Une menace pour la liberté de la presse ?
Lukas Hässig a critiqué cette perquisition sur son blog, la considérant comme une atteinte à la liberté de la presse. Il a déclaré qu’il se défendrait contre toute accusation, affirmant qu’il avait simplement rempli son rôle de journaliste en informant le public sur des faits d’intérêt général.
« Si les journalistes ne peuvent pas écrire cela en Suisse et dénoncer des actes criminels, cela soulève un problème dans ce pays », a-t-il déclaré au Financial Times.

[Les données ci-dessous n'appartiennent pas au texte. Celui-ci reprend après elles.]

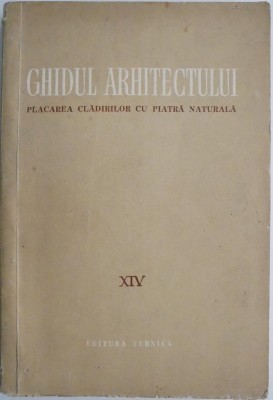Ghidul arhitectului. Placarea cladirilor cu piatra naturala, vol. XIV foto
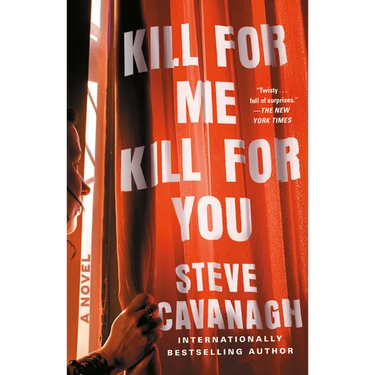 Kill for Me, Kill for You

De son côté, le procureur de Zurich a justifié l’action en indiquant qu’il s’agissait d’une procédure pénale en cours pour suspicion de violation du secret bancaire. Il a ajouté que la présomption d’innocence prévalait jusqu’à la conclusion finale de l’affaire.
Suisse et confidentialité bancaire : une situation qui évolue
La loi suisse sur le secret bancaire interdit à quiconque de divulguer des informations considérées comme confidentielles, peu importe leur provenance. Une extension du code pénal en 2015 permet également de poursuivre des tiers, comme les journalistes, pour violation du secret, même sans rapport direct avec une banque.
Les sanctions encourues incluent jusqu’à trois ans de prison et une amende de 250 000 francs suisses. En 2022, le Préposé fédéral à la protection des données a souligné que la publication de données divulguées peut être punie par la loi suisse, même si elles avaient déjà été exposées par d’autres moyens.
Cette affaire relance le débat sur la nécessité de réformer les lois suisses sur le secret bancaire, jugées excessives par certains observateurs. Récemment, le Conseil fédéral a adopté un projet de loi permettant l’échange automatique d’informations (EAI) sur les actifs numériques avec 74 pays partenaires, dont le Royaume-Uni et tous les États membres de l’Union européenne. Cette initiative, qui pourrait entrer en vigueur le 1er janvier 2026, vise à renforcer la position de la Suisse en tant que leader de la finance numérique tout en respectant les normes internationales de transparence fiscale. Affaire à suivre.